Why Do 'The Hobbit: The Battle of the Five Armies' Characters Keep Asking Alfrid to Do Things?

(Warning: The following article contains significant spoilers for The Hobbit: The Battle of the Five Armies). Middle-earth is filled with noble, gallant, and selfless representatives of just about each and every of its varied, mystical races. There are Hobbits willing to cast away lifestyles of utmost comfort in order to help a legion of intrusive strangers win back their home. Elves fighting tooth and nail to protect beloved kin who have sworn their hearts elsewhere. Wizards braving paramount dangers to keep warring nations from drawing blood. So why, when enriched with so many decent folk, do the people in The Hobbit: The Battle of the Five Armies keep trusting that certified jackass Alfrid with important responsibilities?
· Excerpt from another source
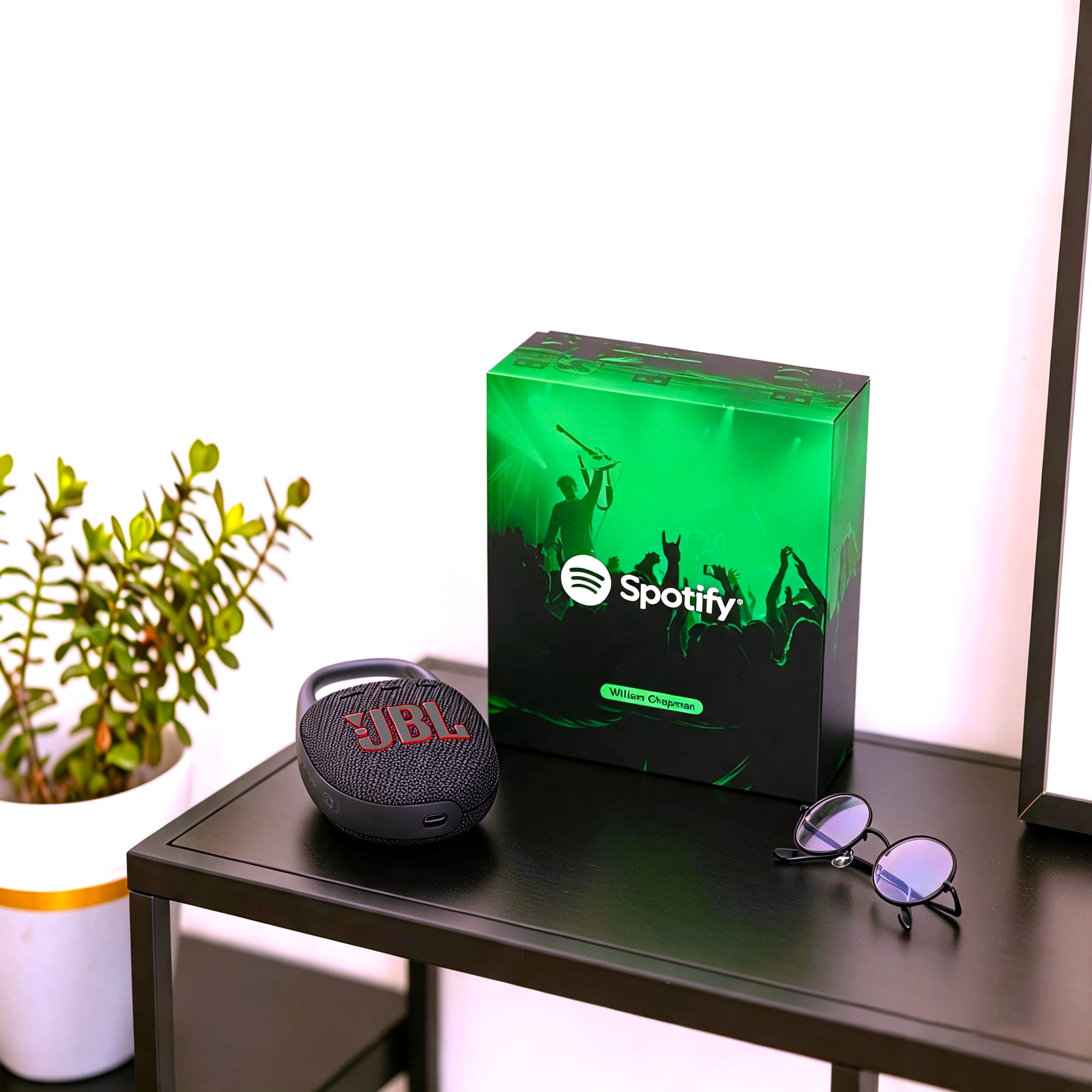 JBL Clip 5 Speaker 0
In case you don’t recall, Alfrid — played by British actor Ryan Gage and introduced in The Desolation of Smaug — is the gangling, sneering second-in-command (perhaps in name only) to Lake-town’s boorish and tyrannical king, Stephen Fry. Early on in Five Armies, the greedy deputy is emancipated of his position when Fry’s character and the rest of his staff are killed by falling debris (courtesy of Smaug’s attack on the village), and relinquished of all honor and esteem in the aftermath of Lake-town’s destruction. Although Alfrid attempts to assert himself as a rightful beacon of power over the town, or at the very least a suitable associate to community hero Bard — known to his friends as “the Bowman,” his children as “Da,” and his fans as “Luke Evans” — but no one will hear of it. Everyone hates Alfrid, deems him a licentious and entitled jag, and proclaims not to trust him as far as he might be thrown.
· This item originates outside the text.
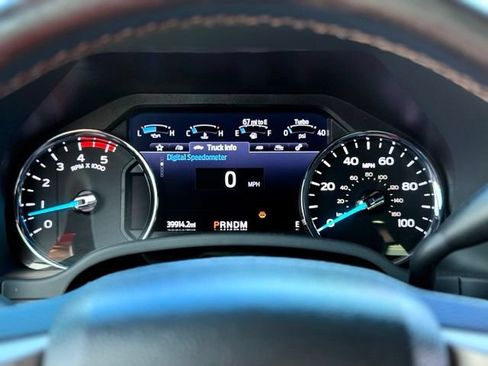 Certified 2022 Ford F250 Platinum w/ FX4 Off-Road Package AWD/4WD image 36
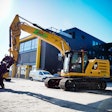 Electric excavator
And yet… people keep asking him to do important things.

The blame lies principally on the shoulders of Bard, who knows Alfrid well and should not have to learn anew how little faith he truly deserves. Bard is charged with presiding over a ruined Lake-town while dealing with the gaggle of Dwarves holing up in the treasure-packed Lonely Mountain, not to mention keeping any incoming predators at bay. Only capable of so much multitasking, Bard assigns Alfrid the duty of standing watch throughout that fateful first night. As anyone might expect, Alfrid dozes off almost immediately, waking up the next morning to find a leviathan of Elvish soldiers waiting attentively at the Lake-town gates. So that’s strike one.
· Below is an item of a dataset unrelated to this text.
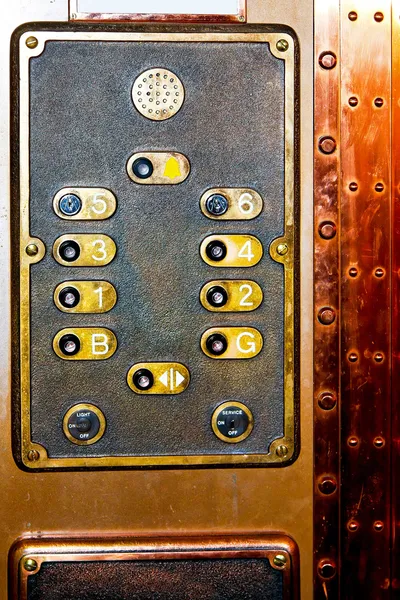 Old elevator buttons — Stock Photo #2473522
Later, we find the ostensibly wise Gandalf entrusting the duplicitous man with a high-priority responsibility: keeping Bilbo Baggins safe (from himself, no less). At this point, Bilbo has sought temporary refuge in Lake-town, plotting a deal with the leaders of Men and Elves in order to lure corrupted Dwarf king Thorin Okenshield out of his devotion to warfare. The final step in his plan would entail Bilbo’s return to Thorin’s side to explain the nature of his deed, further cementing the latter’s compulsion to give way to the arrangement… but of course, Bilbo’s admission would land him Thorin’s ire, and possibly a violent fate. But that’s Bilbo, for you. A good and honest Hobbit, wishing only to do right by his friends and companions.

So who do we charge with the task of keeping such a hero from relinquishing himself to doom? How about the same jag from before? Gandalf yanks Alfrid, the first Lake-town Man he can find, from the street, explaining how important it is that he stand guard over Bilbo lest the poor hole-dweller wind up a martyr. Naturally, Alfrid eschews this responsibility the minute Gandalf’s back is turned — so quick is Bilbo’s escape that we don’t even get to see it!

Finally, the blame is back with Bard — and yes, the blame does lie with him, as he really should know better than to entrust this dillweed with the safety of his own children. Rushing into the heat of battle, Bard ensnares Alfrid (when there are so many other suitable folks around) and begs him to keep his young kids out of harm’s way. That’s right: he’s granting temporary custody of most important people in this man’s life, during perhaps the most perilous moment his village has ever seen, to the absolute worst, seediest, most immature jerk he has ever met.

No, there’s no moment of redemption. Alfrid abandons his post with haste, leaving the young ones to find their own way.

There comes a point where you really can’t even blame Alfrid anymore. It’s everyone else’s fault for giving him actual things to do!